Tuesday Jun 11 2002
Time for a camping trip to Death Valley! We headed north out of Orange County on I-15. Three hours later we had lunch at the Mad Greek restaurant in Baker, the most well known pit stop between L.A. and Vegas, and home of the world’s tallest thermometer.
At Baker we drove north on highway 127, and cautiously drove near the Southern California law enforcement officials doing the Baker to Vegas charity run.
We drove around Death Valley for the day, did some small hikes, visited the Furnace Creek Inn and walked around and ended up that evening in Furnace Creek for dinner, then headed north and camped at Stovepipe Wells for the night.

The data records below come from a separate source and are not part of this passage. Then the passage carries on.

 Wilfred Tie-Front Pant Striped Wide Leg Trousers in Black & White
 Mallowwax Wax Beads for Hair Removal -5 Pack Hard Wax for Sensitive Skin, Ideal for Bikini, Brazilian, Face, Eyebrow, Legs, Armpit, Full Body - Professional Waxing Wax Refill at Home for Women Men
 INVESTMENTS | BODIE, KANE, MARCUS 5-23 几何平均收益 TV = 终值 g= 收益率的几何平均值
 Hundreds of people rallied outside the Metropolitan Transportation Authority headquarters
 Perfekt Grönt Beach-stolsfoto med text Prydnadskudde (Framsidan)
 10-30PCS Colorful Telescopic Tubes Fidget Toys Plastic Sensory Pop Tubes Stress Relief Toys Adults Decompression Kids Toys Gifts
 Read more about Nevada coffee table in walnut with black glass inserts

I had read about the “Racetrack Playa”, a huge lake bed with a large rock formation in the center. Discovery Channel and Learning Channel, (back when TLC was cool), occasionally feature stories about the lake bed’s “moving rocks” which moved across the lake bed leaving trails. Experts weren’t sure exactly how it happened, other than speculating wind pushed them when there was a layer of moisture on the lake bed. Of course other quasi credible folks assumed it was aliens doing some mischief, but we thought it would be a cool place to check out.
Racetrack playa is only accessible via a 40 mile dirt off next to the Ubehebe Crater, (follow the signs). After an hour of driving on a washboard dirt road we came to then end where we saw the huge dry lakebed and the enormous rock formations known as the “grandstands”
Wiki page with satellite image
Seeing this picture you can totally see the proportion and immensity of desert. You can see me standing to the right of the highest rock, just below the line where the lakebed meets the mountains.
That afternoon we visited Scotty’s Castle, a castle in the remote Death Valley desert built last century by Walter Scott.
We drove down into Nevada and headed to Las Vegas on highway 160, got a room at the MGM. After a well needed hot shower we ate a huge buffet dinner and headed back to Orange County the next day.